Claudia Lomeña y Daniel Soruco se conocieron en el año 2000 durante el Festival de Cosquín en una de las peñas. Ella venía de San Andrés de Giles, con 18 años y su piano daba sus primeros pasos. El, salteño, ya había pisado el Escenario Mayor a fines de los '70 con Los Iluntas y luego con Los de Salta, conjunto en el que permaneció 18 años antes de comenzar su carrera como solista.

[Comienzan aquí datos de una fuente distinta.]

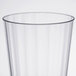 A close-up of a WNA Comet clear plastic fluted tumbler.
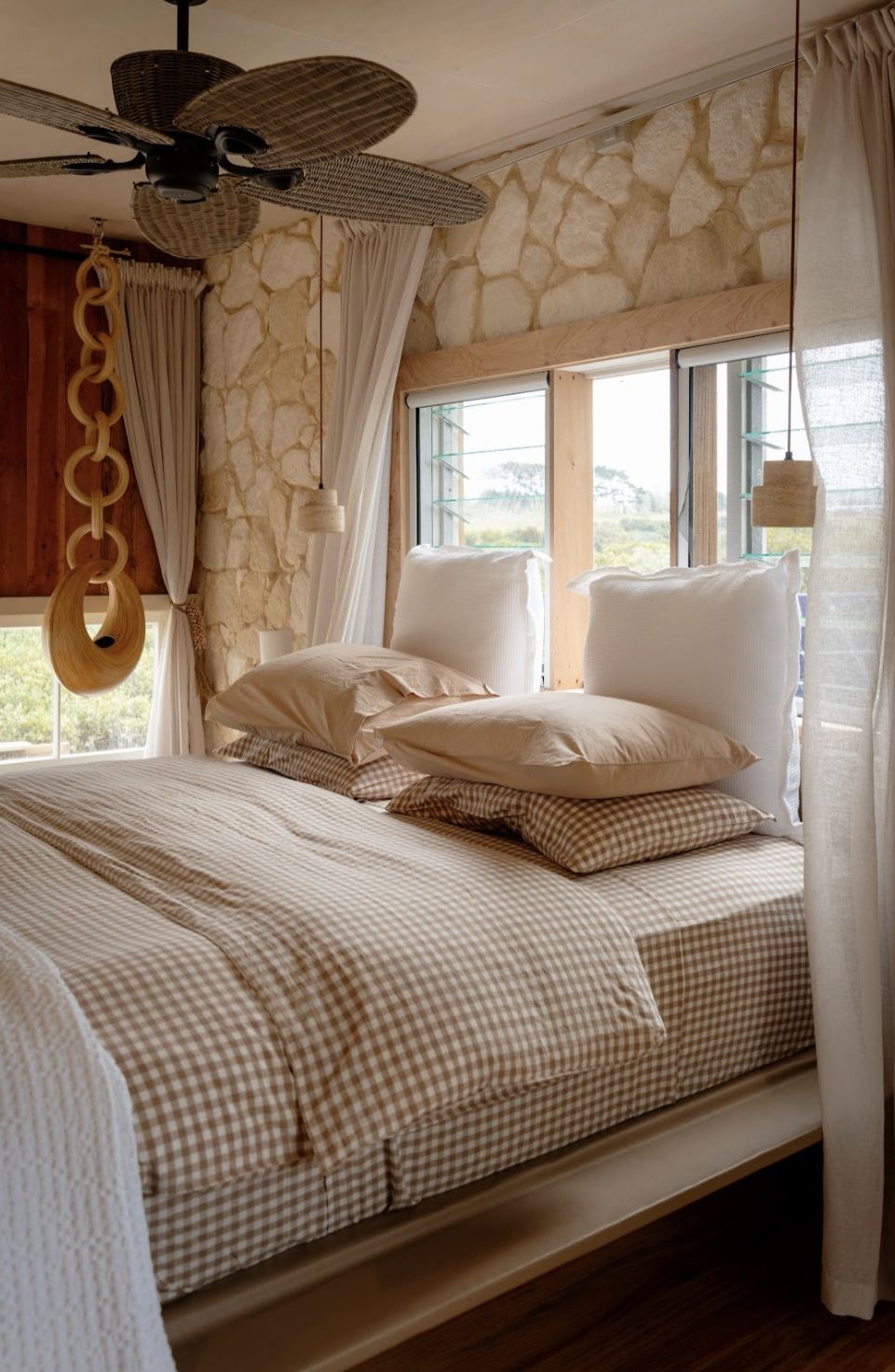 Een slaapkamer met een bed, een plafondventilator, een stenen muur en een raam.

Fue ese Cosquín que los junto, Daniel recuerda: "en el año 2000 me convocan para hacerme un homenaje en una peña de Cosquín a la trayectoria y Claudia va a hacer sus primeros pasos en la música, ahí nos conocimos, ella fue al lugar donde me hacían ese homenaje a cantar. Hubo una situación fortuita que fue que ella necesitaba la guitarra, me la pidió prestada, se la presté y ahi empezó el contacto". Claudia dice al respecto: "cuando lo conocí me surgió una admiración tremenda, yo no sabía en ese momento que había pertenecido a Los de Salta, me llamó la atención su forma de cantar, lo admiro muchísimo y hoy en día es un lujo para mi estar trabajando con él musicalmente". Así fue como Claudia le hizo llegar un cassette suyo a Daniel que él escuchó de inmediato: "de ella me impactó la forma de cantar que tenía en ese tiempo, una forma muy rockera de emisión de la voz, el cantar era muy lindo y raro dentro del folklore. Es como escuchar a Lerner cantando folklore, una cosa asi. Me pareció llamativo y me gustó. Al otro día cuando nos volvimos a encontrar le dije que me había parecido lindo, hablamos y llegamos a la conclusión de andar juntos".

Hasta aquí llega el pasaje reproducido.